500 goes large

Road test: Fiat 500L Lounge

It has been an interesting challenge for Fiat, VW and MINI, all of whom have created cheeky retro-looking models. Quite simply: where do they go next?

MINI has produced a third model which looks very similar to the last two, in addition to some reasonably successful variants, the largest of which isn’t particularly easy on the eye. The new, new Beetle (yes, that’s what the PR people call it) has a slightly different take, moving to more of a street look and this works well. Fiat has added something larger in parallel to the fabulous 500, the new 500L, which is designed to capture 500 fans who require a larger vehicle.

Making the inevitable comparisons with the pretty 500, the 500L won’t steal people’s hearts and souls with its looks. That said, this week, we have put a considerable number of miles on the 500L and found that it is not without its merits.

Worthy cruiser

Having done a couple of long, late night motorway drives, the 500L has proved a worthy cruiser. The 1.6 diesel engine fitted is capable and gobbles-up miles well. In sixth, 70mph has the engine turning-over at just 2,000 rpm and the car is happy keeping-up with everything in the outside lane. There is a little wind noise but it’s quite civilised and even with high wind warnings on bridges, the 500L felt very stable, despite its height.

The view out is somewhat cluttered, what with twin windscreen pillars (giving a bay window effect) and over-sized door mirrors, all reducing forward visibility. Look up and the large panoramic roof (standard on the Lounge model tested) is pleasing; drop your eyes to the dashboard and there is nothing particularly remarkable. There are white dials with floating needle effects and red text in the central information box which isn’t the easiest to read. Functionally, this Lounge model has the essentials: Bluetooth and USB connectivity, auto wipers and lights plus dual zone climate control.

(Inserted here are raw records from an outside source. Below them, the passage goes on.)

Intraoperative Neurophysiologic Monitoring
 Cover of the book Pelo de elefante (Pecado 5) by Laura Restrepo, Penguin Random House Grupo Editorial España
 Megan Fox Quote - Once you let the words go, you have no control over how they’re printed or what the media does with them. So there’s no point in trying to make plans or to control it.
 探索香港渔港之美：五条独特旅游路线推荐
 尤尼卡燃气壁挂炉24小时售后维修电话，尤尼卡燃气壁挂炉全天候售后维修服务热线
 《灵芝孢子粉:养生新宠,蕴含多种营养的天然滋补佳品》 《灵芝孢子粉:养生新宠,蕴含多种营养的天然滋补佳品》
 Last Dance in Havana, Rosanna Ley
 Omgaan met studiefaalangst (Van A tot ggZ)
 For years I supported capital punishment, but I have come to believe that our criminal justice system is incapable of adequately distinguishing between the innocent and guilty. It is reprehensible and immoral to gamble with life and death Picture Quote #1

All the main controls are easy to use.

Good access

Height and location of the seating is fine but the seat backs curve away and therefore lack upper body support. Boot access and capacity is good; there were no issues with a generous weekly shop in addition to a few pairs of wellies left in from a previous trip.

Where the 500L does score points is with its ride. Not only did it cope with speed humps admirably, a couple of trips to a friend’s farm along ¾ mile of unmade track proved to be a doddle (whereas my Series Land Rover almost shook my fillings out). In terms of handling, it is all very neutral and safe. It turns-in reasonably well but I didn’t feel comfortable pushing it particularly hard on bends.

So, the 500L is a fair work horse. Whether it will appeal to those style-concious 500 owners who have outgrown their cars, only Fiat’s sales figures will tell.

Fiat 500L Lounge 1.6 MultiJet diesel, £19,740 (incl. £850 paint/white roof option). Range starts at £14,995.

Power: 105 bhp (@ 3,750 rpm), torque: 320 Nm (@ 1,750 rpm), emissions: 117 g/km CO2 (band C), 0-62 mph: 11.3 secs.